Oleh: Muhammad Aldiyat Syam Husain/Direktur Kornas LBHMI PB HMI
Kedaulatan berada ditangan rakyat dan dilaksanakan menurut Undang-Undang Dasar, ketentuan Pasal 1 ayat (2) UUD NRI 1945, hasil amandemen ketiga pada konstitusi Indonesia tersebut telah mengamanatkan negara Indonesia menganut paham kedaulatan rakyat. Menurut Kusnardi & Ibrahim (1983) dalam paham kedaulatan rakyat (democracy), rakyatlah yang dianggap sebagai pemegang kekuasaan tertinggi dalam suatu negara.
Negara Indonesia menentukan bahwa pemilihan umum dilakukan sekali dalam lima tahun, yang dimana secara konstitusional pemilu diatur dalam pasal 22E ayat (1) UUD NRI 1945. Salah satu subjek vital yang dipilih melalui pemilu adalah presiden dan wakil presiden. Moh. Mahfud MD (2013) konstitusi hasil amandemen mengarah pada penguatan dan purifikasi sistem pemerintahan presidensial yang antara lain di implementasikan dalam pemilu presiden dan wakil presiden secara langsung. Satya Arinato sebagaimana dikutip Abdul Latif (2009) mengemukakan alasan diselenggarakan pemilu presiden dan wakil presiden secara langsung yakni:
- Presiden terpilih akan mendapatkan mandat serta legitimasi kuat karena rakyat mendukung dengan cara memberikan suara secara langsung;
- Presiden terpilih tak terikat pada konsesi partai-partai atau faksi-faksi politik yang telah memilihnya;
- Sistem ini menjadi lebih “accountable” dibandingkan sistem pada masa orde baru, karena rakyat tidak lagi menitipkan suaranya melalui MPR;
- Kriteria calon presiden dapat dinilai secara langsung oleh rakyat yang akan memberikan suara.

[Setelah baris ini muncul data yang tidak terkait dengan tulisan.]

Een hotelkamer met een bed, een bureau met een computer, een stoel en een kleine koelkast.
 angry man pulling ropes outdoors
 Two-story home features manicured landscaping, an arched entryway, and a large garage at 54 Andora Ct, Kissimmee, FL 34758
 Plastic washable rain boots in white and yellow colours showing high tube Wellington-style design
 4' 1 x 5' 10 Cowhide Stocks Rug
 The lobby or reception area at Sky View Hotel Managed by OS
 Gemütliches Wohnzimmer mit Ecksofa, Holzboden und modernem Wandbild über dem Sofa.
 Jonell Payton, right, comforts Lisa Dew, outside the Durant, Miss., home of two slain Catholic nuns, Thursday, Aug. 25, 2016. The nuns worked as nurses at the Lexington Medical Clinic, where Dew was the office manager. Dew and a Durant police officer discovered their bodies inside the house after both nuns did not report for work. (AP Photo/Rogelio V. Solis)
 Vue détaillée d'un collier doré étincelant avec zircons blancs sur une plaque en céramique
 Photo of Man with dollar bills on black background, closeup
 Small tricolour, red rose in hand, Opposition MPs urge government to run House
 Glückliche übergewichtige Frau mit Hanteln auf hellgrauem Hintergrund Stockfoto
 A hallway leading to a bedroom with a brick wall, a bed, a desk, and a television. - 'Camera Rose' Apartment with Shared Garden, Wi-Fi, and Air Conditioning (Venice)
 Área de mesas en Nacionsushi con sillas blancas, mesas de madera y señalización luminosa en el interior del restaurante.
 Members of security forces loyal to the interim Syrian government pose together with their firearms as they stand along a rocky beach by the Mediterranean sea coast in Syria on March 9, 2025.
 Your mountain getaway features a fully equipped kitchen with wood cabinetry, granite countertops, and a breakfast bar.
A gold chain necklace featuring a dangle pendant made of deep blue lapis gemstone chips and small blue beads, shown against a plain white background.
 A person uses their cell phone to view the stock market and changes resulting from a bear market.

Adapun untuk pencalonan presiden dan wakil presiden diatur dalam pasal 6A ayat (2) UUD NRI yaitu “pasangan calon presiden dan wakil presiden diusulkan oleh partai politik atau gabungan partai politik peserta pemilu sebelum pelaksanaan pemilihan umum”. Lebih lanjut dituangkan dalam UU No. 7 Tahun 2017 tentang pemilu (selanjutnya disingkat “UU No. 7/2017”) dalam pasal 222 menyatakan “Pasangan Calon diusulkan oleh partai politik atau gabungan partai politik peserta pemilu yang memenuhi persyaratan perolehan kursi paling sedikit 20% (dua puluh persen) dari jumlah kursi DPR atau memperoleh 25% (dua puluh lima persen) suara sah secara nasional pada pemilu anggota DPR sebelumnya.”
Kebijakan Presidential Threshold diambil berdasarkan pemilu anggota DPR sebelumnya serta norma pasal 222 UU No. 7/2017 yang lahir dari kewenangan atribusi yang diberikan dari pasal 6A ayat (5) dan pasal 22E ayat (6) adalah suatu permasalahan yang dapat dikaji secara mendalam apakah sudah sesuai atau malah terjadi konflik norma (geschijd van normen).
Sejarah Ambang Batas Pencalonan Presiden (Presidential Threshold) di Indonesia
Dari pemilu ke pemilu ambang batas pencalonan presiden dan wakil presiden selalu berubah-ubah.
Di Indonesia, ambang batas pencalonan presiden (presidential threshold) pertama kali dirumuskan dalam UU No. 23 Tahun 2003 tentang Pemilihan Umum Presiden dan Wakil Presiden. Pasal 5 ayat (4) UU itu menyatakan, pasangan calon presiden dan wakil presiden hanya dapat diusulkan oleh partai politik atau gabungan partai politik yang memperoleh sekurang-kurangnya 15 persen jumlah kursi DPR atau 20 persen dari perolehan suara sah nasional dalam pemilu anggota DPR.
Ketentuan ambang batas itu pun pertama kali diterapkan pada pemilu 2004, bertepatan dengan pertama kalinya Indonesia melangsungkan Pemilihan Presiden secara langsung.
Kemudian, lima tahun setelahnya atau pada pilpres 2009, besaran ambang batas pencalonan presiden (presidential threshold) kembali mengalami perubahan dalam hal ini diikuti dengan berubahnya Undang-Undang Pemilu. Pasangan calon presiden dan calon wakil presiden dapat diajukan oleh partai politik atau gabungan partai politik yang memiliki sekurang-kurangnya 25 persen kursi di DPR atau 20 persen suara sah nasional dalam Pemilu Legislatif. Aturan tersebut tertuang dalam UU Nomor 42 tahun 2008.